Colotl's case sparked concerns in Georgia that illegal immigrants were using up too much of the state's resources, leading to demands that the state university system take more measures to prevent illegal immigrants from enrolling in universities. Editorials appeared in media denouncing the access given to illegal immigrants to scholarships. Eric Johnson, a Georgia Republican gubernatorial candidate, after hearing about Colotl's case called for verification of citizenship to become part of the process of admission to Georgia state universities. At least two other gubernatorial candidates have also called for Georgia state universities to exclude illegal immigrants. Former Secretary of State Karen Handel, another leading Republican gubernatorial candidate, also criticized KSU officials for not verifying prospective students' legal residence, and said she would consider mandating verification of students' legal status through executive order if need be.
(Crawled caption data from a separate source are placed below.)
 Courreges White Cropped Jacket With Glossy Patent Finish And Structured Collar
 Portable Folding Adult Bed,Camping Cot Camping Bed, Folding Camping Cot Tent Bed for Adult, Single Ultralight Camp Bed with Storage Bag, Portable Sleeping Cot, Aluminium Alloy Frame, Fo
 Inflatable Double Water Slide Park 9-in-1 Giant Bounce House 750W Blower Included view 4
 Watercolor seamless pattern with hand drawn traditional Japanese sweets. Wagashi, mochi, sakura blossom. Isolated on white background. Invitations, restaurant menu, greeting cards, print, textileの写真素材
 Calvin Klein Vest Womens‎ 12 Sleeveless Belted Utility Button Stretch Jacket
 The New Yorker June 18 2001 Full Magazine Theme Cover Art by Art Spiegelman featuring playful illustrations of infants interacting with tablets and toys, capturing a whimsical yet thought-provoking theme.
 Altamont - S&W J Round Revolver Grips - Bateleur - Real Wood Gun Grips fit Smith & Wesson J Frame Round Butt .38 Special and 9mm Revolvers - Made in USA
Georgia governor Sonny Perdue discussed Colotl's case with Bob Hatcher, the chairman of the Board of Regents, and later stated that he supports allowing Colotl to stay and finish college if she pays out-of-state tuition. Republican Georgia Senator Johnny Isakson implied that he did not think Colotl should be allowed to stay and finish college because "the law is the law." State lawmakers tried unsuccessfully to pass a bill barring undocumented students from state colleges.

Colotl's case was viewed as one of the cases that influenced President Barack Obama to issue an executive order against deporting illegal immigrants who were brought into the country illegally as minors. The new policy will allow students like Colotl to stay in the US without risking deportation. Referring to that decision and Colotl's continued prosecution, her lawyer said, "with the recent executive order from the president, this issue is dead."

==Followup==
Colotl was granted a deferment from deportation for a year so that she could stay and finish college. Days before the deferment was to expire in May 2012, it was extended for another year, and Colotl would be allowed to work during that year. Colotl graduated from college in May 2011.

For the felony charges of false swearing (lying to the police about her address), Colotl completed a pretrial diversion program, logging 150 hours of community service. Superior Court Judge Mary Staley did not dismiss her charges, finding instead that the Sheriff's office "raised legitimate concerns that have not been adequately addressed". She ruled that a 2010 misdemeanor conviction on Colotl's record for driving without a license would preclude her acceptance into the pretrial program. The district attorney and Colotl's lawyer agreed that the charges should be dismissed. In 2012 a judge ordered Colotl back to jail for her misdemeanor charge of driving without a license; she was released later the same day but still faced 11 months of probation and upwards of $1,000 in fines.

It seems the case was settled on May 25, 2018.